Sejak berkuasa pada pertengahan Agustus, Taliban telah memberlakukan pembatasan luas, banyak di antaranya menargetkan wanita. Perempuan dilarang banyak pekerjaan di luar sektor kesehatan dan pendidikan, dilarang belajar di luar kelas enam dan diperintahkan untuk mengenakan jilbab. Namun, Taliban berhenti mengenakan burqa, yang wajib ketika mereka memerintah Afghanistan pada 1990-an.

Taliban telah menargetkan dan kadang-kadang memukuli kelompok-kelompok televisi yang mengumpulkan protes, menargetkan kelompok-kelompok hak asasi dan wartawan yang terkepung di Afghanistan.

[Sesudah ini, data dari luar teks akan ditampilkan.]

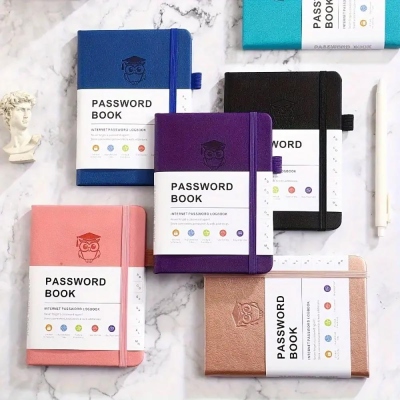 Password Book with Alphabetical Tabs Hardcover Password Manager Notebook for Seniors, Internet Password Journal Diary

Dalam sebuah tweet pada hari Senin, Tom West, utusan khusus AS untuk Afghanistan, menyambut baik pembicaraan antara Taliban dan perwakilan masyarakat sipil di negara itu, dengan mengatakan, “Kami akan mengejar diplomasi yang jelas dengan Taliban mengenai keprihatinan kami dan menghormati stabilitas kami, hak dan kepentingan abadi kami. Termasuk Afghanistan.”

___

Rahim Faiz dan Kathy Cannon berkontribusi pada laporan dari Islamabad.

Tinggalkan Balasan

Alamat email Anda tidak akan dipublikasikan.